CHFJPY Trading Analysis and Forecast for April 28
- Chris Trader
- Apr 27
- 2 min read

In the above Advanced Pro Chart, we can observe a significant Change of Character (CHoCH) as the price has decisively broken through its previous structural levels to the downside. This indicates a potential shift in market sentiment, suggesting that sellers are gaining control and that the bullish trend may be reversing.

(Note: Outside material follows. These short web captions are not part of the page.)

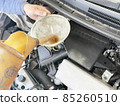 Oil change work by car mechanic watering can 85260510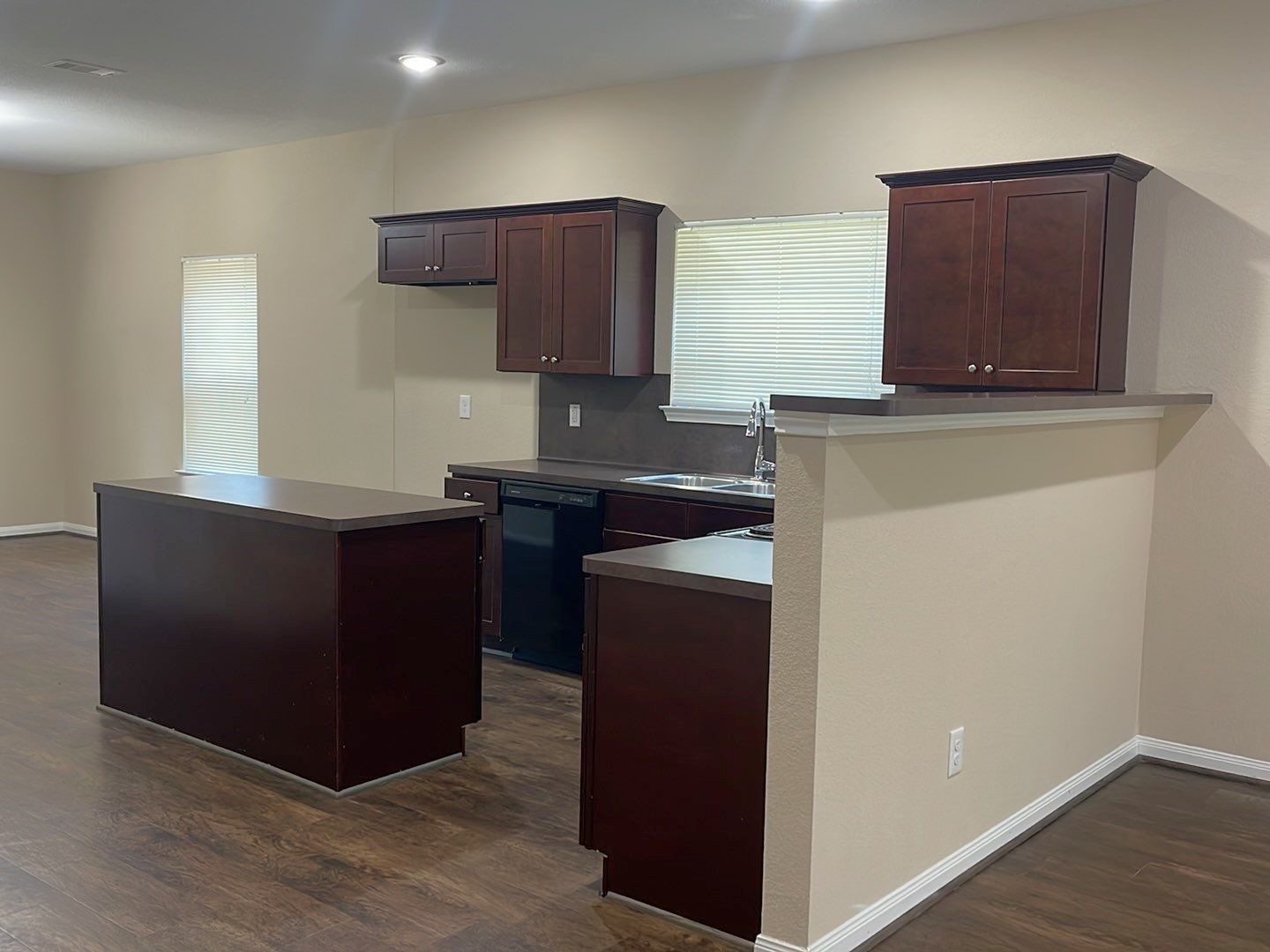 8138 Gallahad Street, Unit A Houston, TX 77078 - Photo 14 of 26 a kitchen with stainless steel appliances granite countertop a refrigerator and a stove top oven
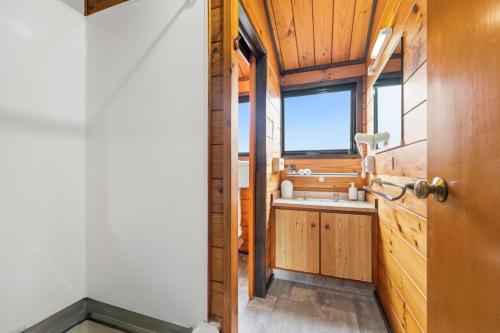 a bathroom in a tiny house with a sink at Orewa Motor Lodge in Orewa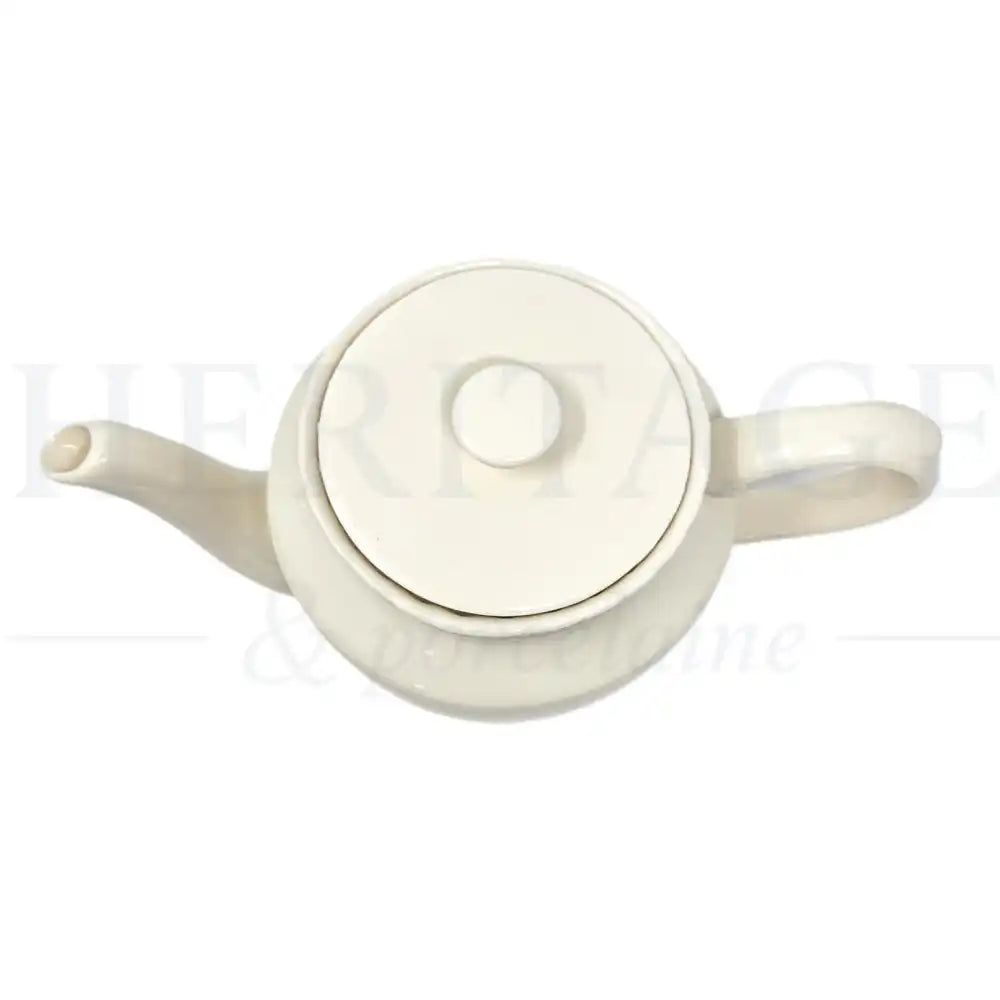 Vintage Godinger Regal Cream teapot with lid, made in China, featuring the classic Regal Cream pattern.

Following this structural break, it is highly likely that we will experience a pullback into the Fibonacci retracement sell zones, which are critical areas identified by traders for potential selling opportunities. These zones are derived from the Fibonacci sequence and are used to predict where the price may retrace before continuing in the direction of the prevailing trend.
During this anticipated pullback, traders should pay close attention to the Fibonacci levels, particularly the 61.8% and 50% retracement levels, as these are often seen as key resistance points where price action may stall or reverse.
Additionally, the concept of a liquidity grab becomes increasingly relevant in this scenario. A liquidity grab occurs when the price moves into these zones, triggering stop-loss orders placed by traders who are still holding onto long positions. This influx of sell orders can create a temporary spike in volatility as the market seeks to fill these orders, often leading to a sharp price movement that can be capitalized on by astute traders.
As we analyse the chart further, we should also consider the broader market context, including any relevant news or economic indicators that may influence price action. Understanding the overall market sentiment and the behaviour of other participants can provide additional insights into the likelihood of a successful liquidity grab. Therefore, while the technical setup indicates a strong potential for a pullback and subsequent liquidity event, it is crucial to remain vigilant and to incorporate risk management strategies to navigate this dynamic market environment effectively.